--- Entries shown Enclosed Below ---

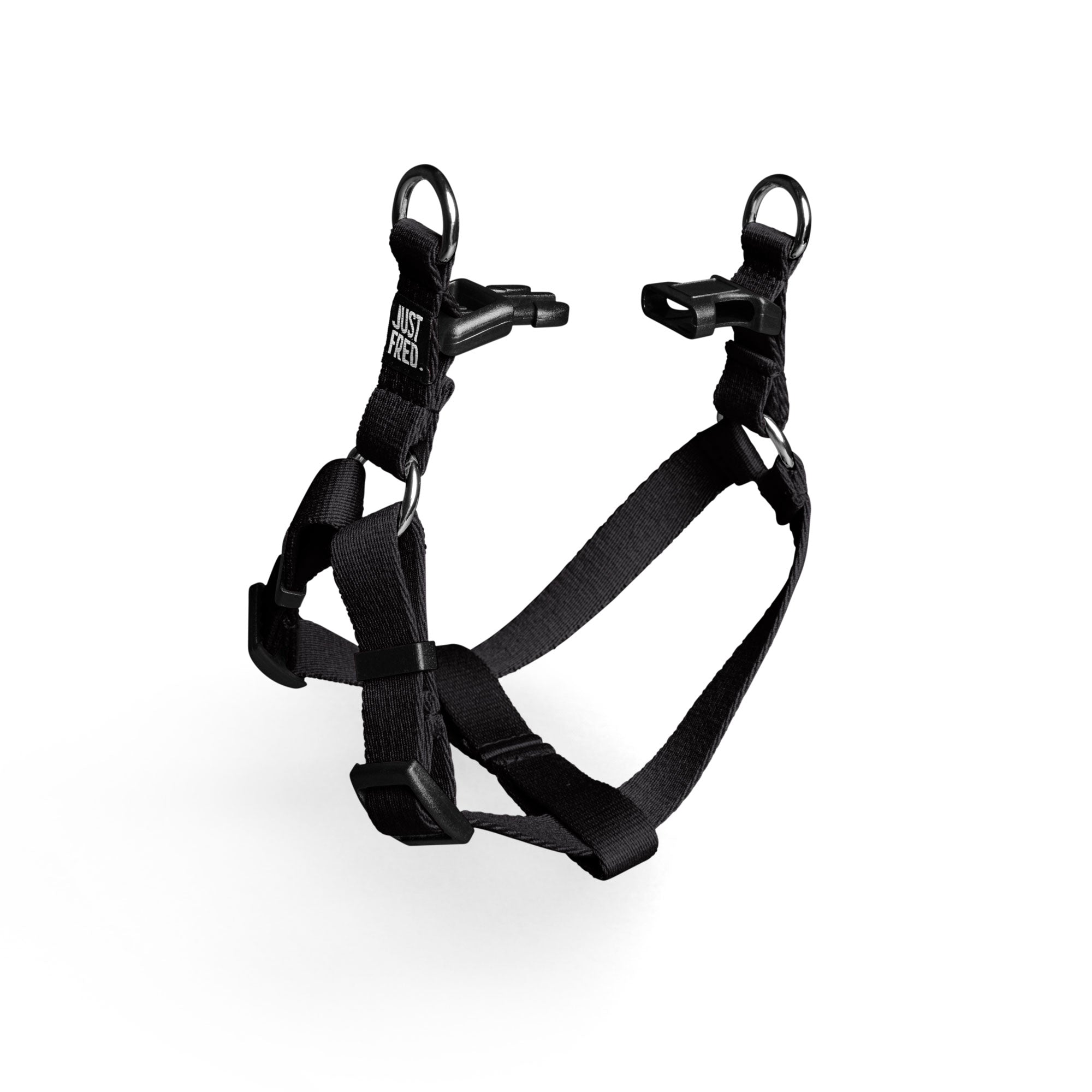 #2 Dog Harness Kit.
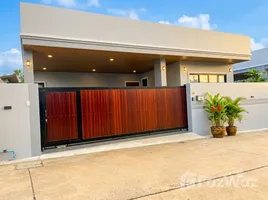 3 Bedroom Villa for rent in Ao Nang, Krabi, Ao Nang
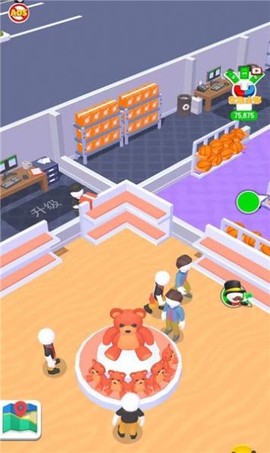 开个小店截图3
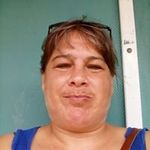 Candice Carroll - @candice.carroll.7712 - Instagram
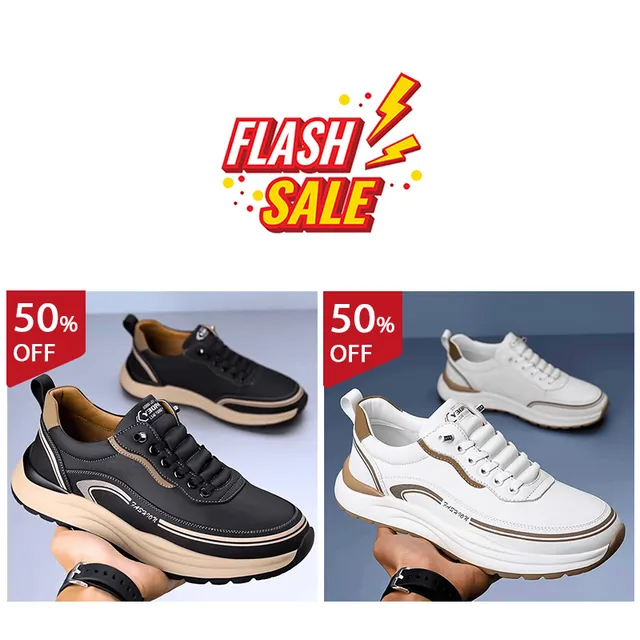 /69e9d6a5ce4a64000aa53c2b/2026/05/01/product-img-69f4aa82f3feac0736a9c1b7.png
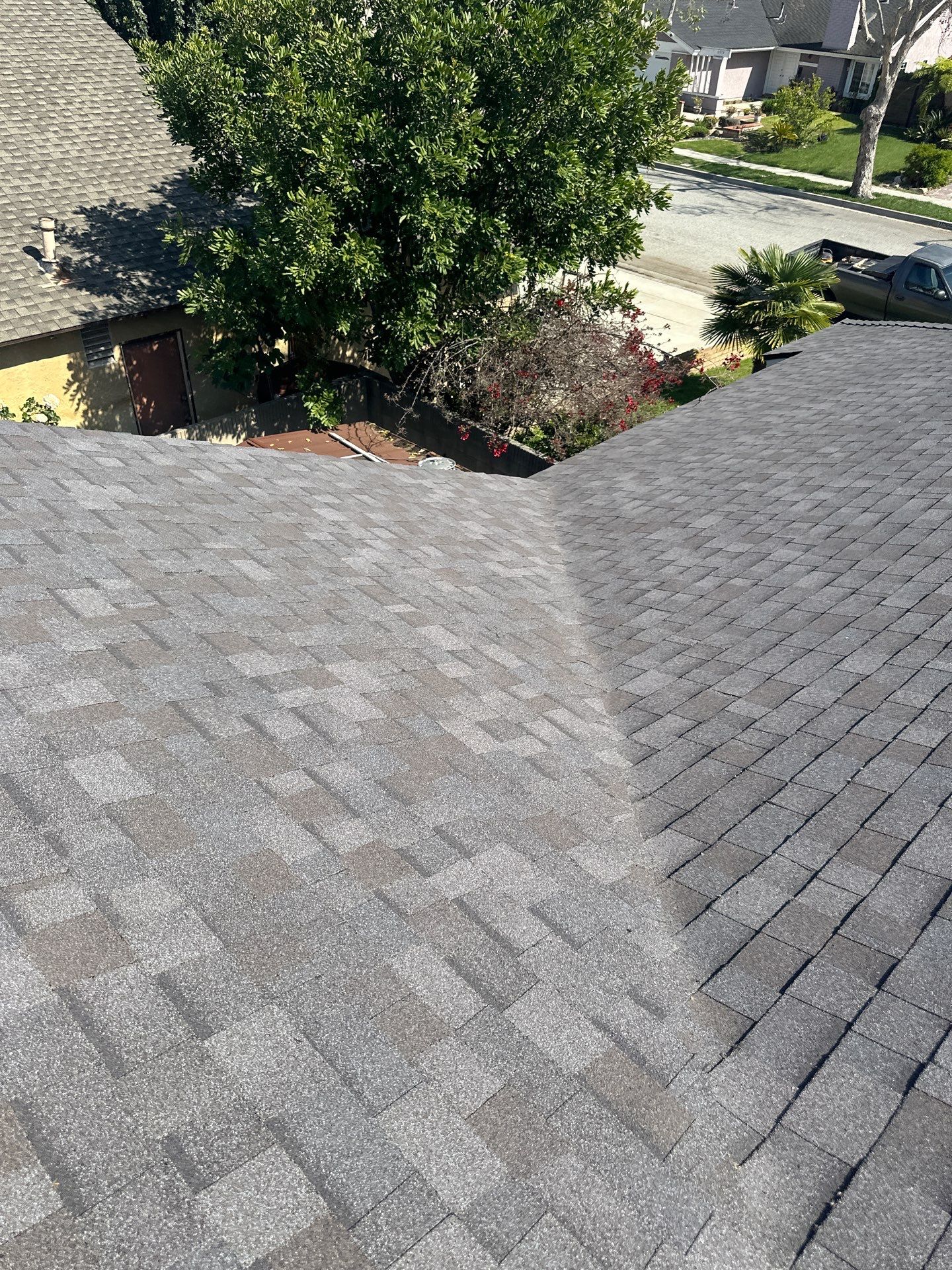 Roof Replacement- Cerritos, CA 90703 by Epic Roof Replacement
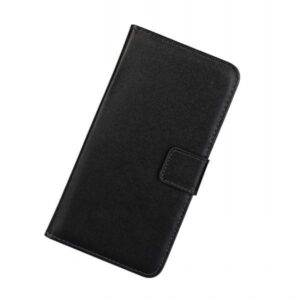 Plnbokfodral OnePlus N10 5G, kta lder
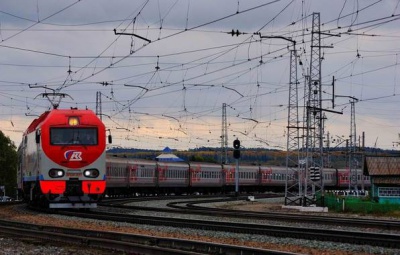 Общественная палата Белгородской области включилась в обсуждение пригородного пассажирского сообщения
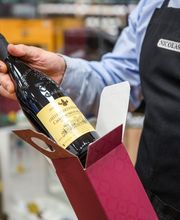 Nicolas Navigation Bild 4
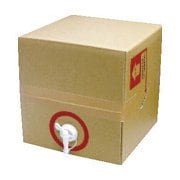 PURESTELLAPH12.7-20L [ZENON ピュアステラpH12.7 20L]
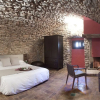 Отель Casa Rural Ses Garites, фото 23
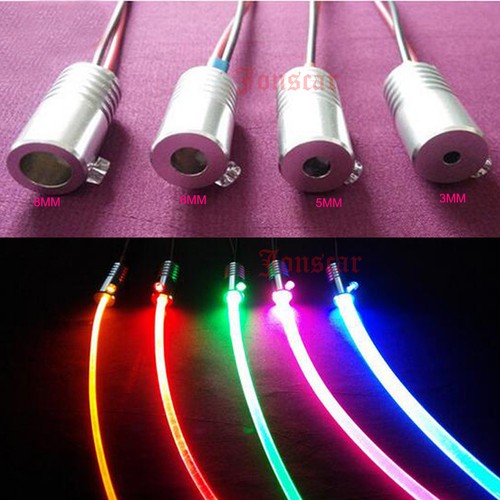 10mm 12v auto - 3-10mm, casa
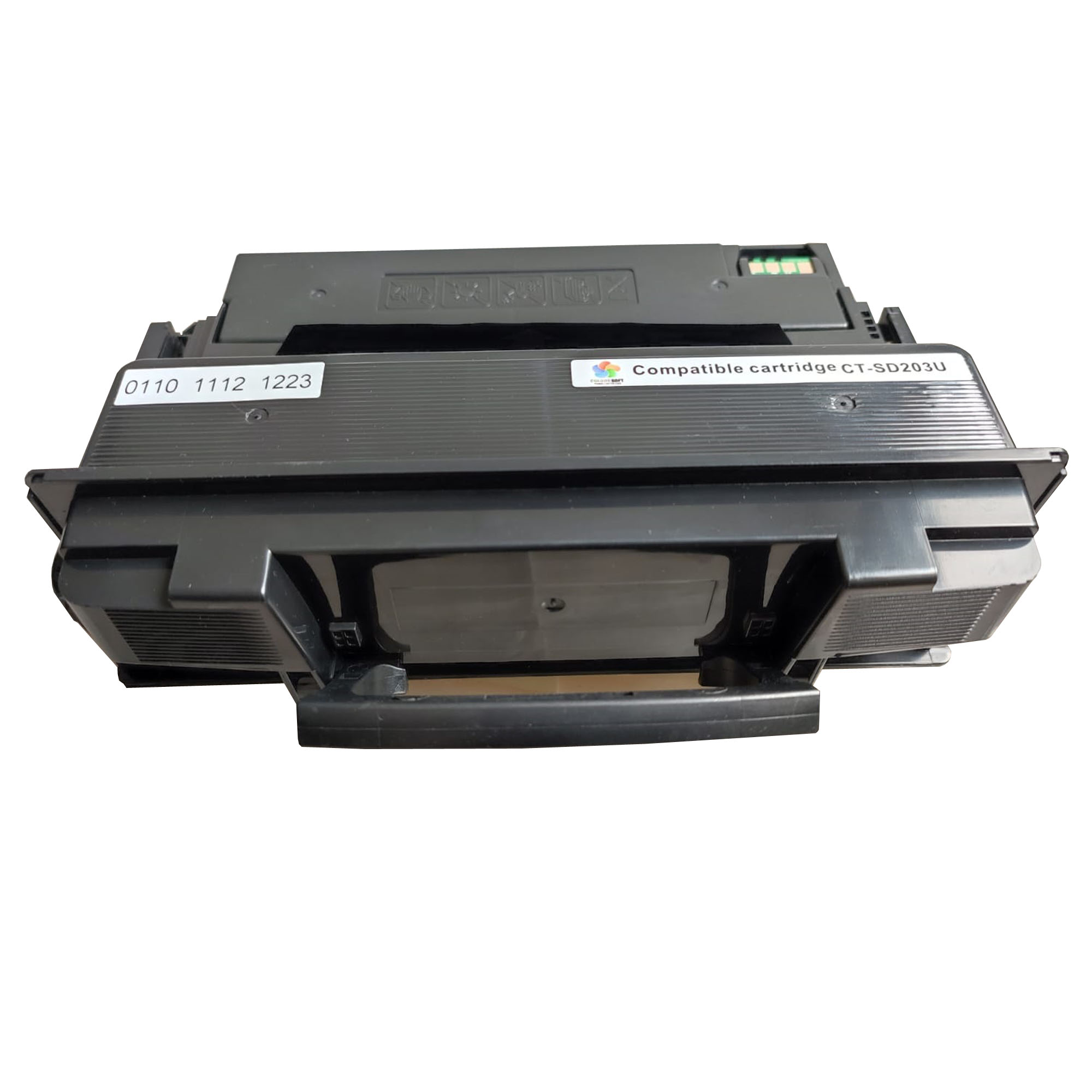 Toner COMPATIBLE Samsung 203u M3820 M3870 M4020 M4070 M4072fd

--- End of Enclosed Entries shown ---

*What you need to do*. Repeat the data verbatim through the "PURESTELLAPH12.7-20L [ZENON ピュアステラpH12.7" line, no pictures.

*Solution*.
 #2 Dog Harness Kit.
 3 Bedroom Villa for rent in Ao Nang, Krabi, Ao Nang
 开个小店截图3
 Candice Carroll - @candice.carroll.7712 - Instagram
 /69e9d6a5ce4a64000aa53c2b/2026/05/01/product-img-69f4aa82f3feac0736a9c1b7.png
 Roof Replacement- Cerritos, CA 90703 by Epic Roof Replacement
 Plnbokfodral OnePlus N10 5G, kta lder
 Общественная палата Белгородской области включилась в обсуждение пригородного пассажирского сообщения
 Nicolas Navigation Bild 4
 PURESTELLAPH12.7-20L [ZENON ピュアステラpH12.7 20L]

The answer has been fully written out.